The Netherlands Institute for Spatial Research (various projects)
Traffic and transport contribute to many environmental problems. The programme of the former RPB (now the PBL - Netherlands Environmental Assessment Agency) mapped the current and future environmental pressure factors of traffic and transport within the framework of MNP, but also to support policy making by its principal (Netherlands Ministry of Spatial Planning, Housing and the Environment, Directorate General for Environmental Protection).
The Netherlands Institute for Spatial Research was established by Royal Decree and had the following tasks:
- to explore and highlight spatially relevant social trends
- to forecast the demand for and use of the space available in the Netherlands
- to monitor social and spatial trends
- to analyse government policies that have a spatial dimension
- to develop variations on spatial policies and alternative scenarios
- to publish its findings in research and advisory reports.
The main aim was to contribute to the public debate on spatial development. RPB provided independent information on present and future spatial development, based on original and innovative research that meets academic standards. It also generated new insights for national spatial development. Moreover, the Institute for Spatial Research aimed to be a window to future spatial development.
In September 2008, the RPB merged with the Milieu en Natuur Planbureau (MNP) to become the Netherlands Environmental Assessment Agency (PBL - Planbureau voor de Leefomgeving).
The Institute for Spatial Research was a consultant, commentator and critical observer, giving advice on request and on its own initiative. It did this for various organisations: not only for central government and Parliament, but also for other government authorities. In the end, the institute worked for everyone who is interested in the spatial development of the Netherlands and it maintained an independent position in relation to all these parties.
The Institute for Spatial Research worked to a study programme. This was adopted every two years, but it was flexible and could be refined during the implementation period.
A project group was created for each item in the study programme. Their aim was to ensure that project groups charged with writing the report contain members from different disciplines. The Institute employed professionals from a wide range of disciplines, including economists, public administrators, social scientists, urban designers, landscape architects and planners. This clustering of disciplines was one of the institute's key strengths. As well as being interdisciplinary, the research projects were intersectoral, drawing on theories and hypotheses from all policy sectors with a spatial dimension.
The Institute's working method integrated research and design - a combination that distinguishes the Institute from other policy assessment offices. The core principle was that, right from the start, researchers and designers focus on one topic at a time, the interaction between them moving the project forward, step by step.
For 2002-2003 the following focus topics were included in the study programme:
- Modelling the use of space
- Evaluation framework
- Metamorphosis of the countryside
- People, time and space
- Towards an innovative development planning
- Land market
- Accessibility and reliability.
The latter project was transport-related and therefore interesting in this context. A more elaborate description of the project (background and methodology) is given below.

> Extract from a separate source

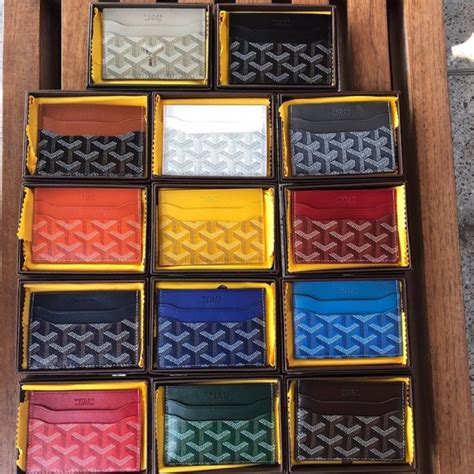 beige goyard card holder|Card holders .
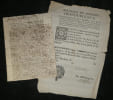 Lot 2 documents : Commission sign&eacute;e du marquis de Sourdis & dossier seigneurial d'Anglade. Fran&ccedil;ois d'Escoubleau, marquis de Sourdis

Social and economic trends (just-in-time delivery to companies and time pressures on households) are making the reliability of travel times increasingly important. Although reliability is frequently mentioned in definitions of accessibility, it is never discussed in detail. But it cannot be ignored.
Meanwhile, travel times are becoming increasingly unreliable. Current traffic volumes are putting the infrastructure networks under strain, particularly in the Randstad. The pressures on the transport infrastructure are growing and are expected to severely reduce the reliability of the system. How this unreliability is translated into longer travel times, the inconvenience actually experienced and the opportunities to respond adequately will differ between regions and groups of travellers. Infrastructure and spatial developments can make an important contribution to creating alternative arrangements for routing, transport mode or destination.
Based on the literature, the institute determined the importance of the reliability of travel times in accessibility to various groups and for different purposes. A mathematical model of travel times was being developed with TNO. Given the infrastructure networks, a spatial distribution of activities and other assumptions about factors such as car ownership, travel costs and 'modal choice in relation to distance', the model can be used to calculate mobility, travel times and distribution of travel times. These in turn can be used to determine accessibility and reliability.
The model can also be used to forecast mobility and calculate its consequences for accessibility and the reliability of travel times, broken down by group and region. A number of strategies for infrastructure and planning policy were constructed and their effects on mobility, accessibility and especially reliability were evaluated. The results were interpreted and reported.